Indeed, with new tools -- many available for free -- like YouTube for the presentation of Web-based video, and older, but equally user-friendly tools for creating blogs and Web-based audio, a whole new media world is available to anyone who has something to say.
At the WAM! conference, whatever your favored form of media, you could find a workshop to help you learn how to make it on your own. Call it DIY media. Christine Cupaiuolo, former blogger for Ms. magazine and founder of PopPolitics.com, presented a soup-to-nuts introduction to not only making your blog, but promoting it as well. Zandt gave a presentation on using the latest Web tools to enhance feminist blogs. Margaret Pickering of the Participatory Culture Foundation, together with foundation colleague Dean Jansen, conducted a hands-on workshop on how to produce and upload videos to the internet. (Sound like fun? Here's their step-by-step guide: MakeInternetTV.org.)
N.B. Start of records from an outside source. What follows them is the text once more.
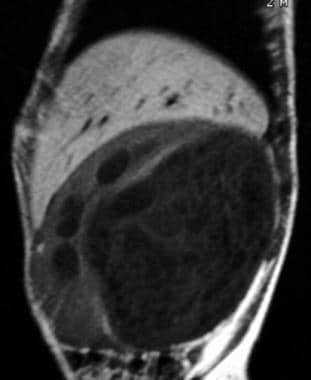 Multilocular cystic nephroma. Sagittal MRI shows a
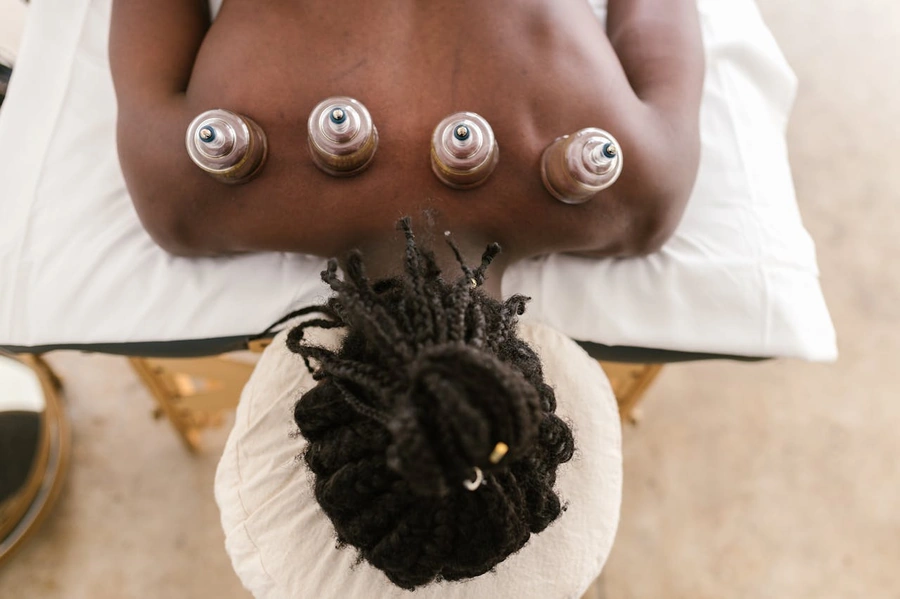 Person having cupping applied to their upper back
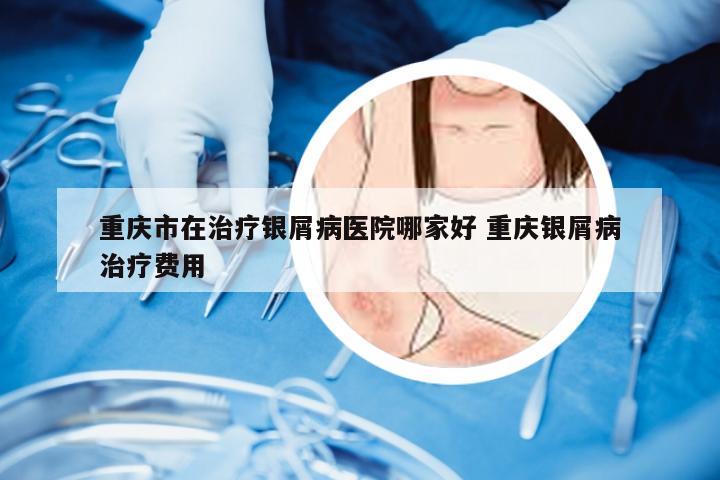 重庆市在治疗银屑病医院哪家好 重庆银屑病治疗费用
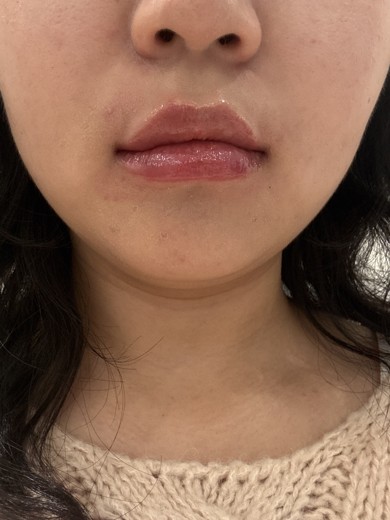 after photo: 입꼬리필러, 입술필러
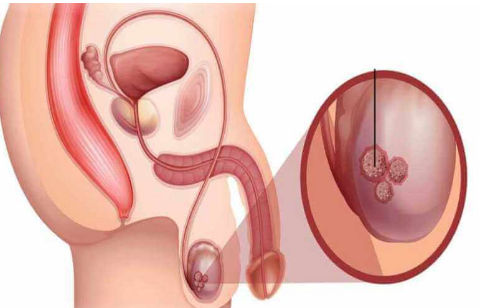 Best Testicular Cancer Doctor in Preet Vihar
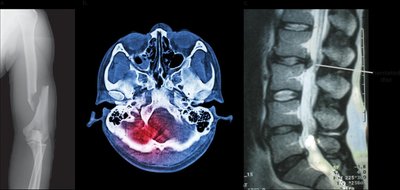 Medical imaging: X-ray, CT scan, MRI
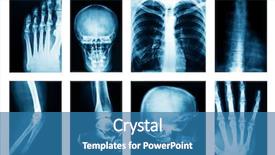  Presentation with science - Presentation theme consisting of collage of many x-rays background and a teal colored foreground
Lisa Jervis, who co-founded the magazine Bitch: Feminist Response to Pop Culture in 1996, was gratified to see at WAM! the feminist "indie" media in new iterations promulgated by a new generation. Feminist blogs, gaming and videos are being produced by women with little more than ideas and a computer. "It's incredibly exciting and inspiring to see all the young women flooding into feminist media work in all genres," Jervis said. Bitch began as an earlier form of DIY media: a print magazine made on a copy machine. Today, make/shift magazine, named by magazine editor Jen Angel (founder of much-missed Clamor mag) as one of her all-time favorite DIY media projects, is the new kid in town. It's totally homemade, explains Jessica Hoffman, one of the editorial forces in the collective that publishes make/shift, except for the use of an outside printer.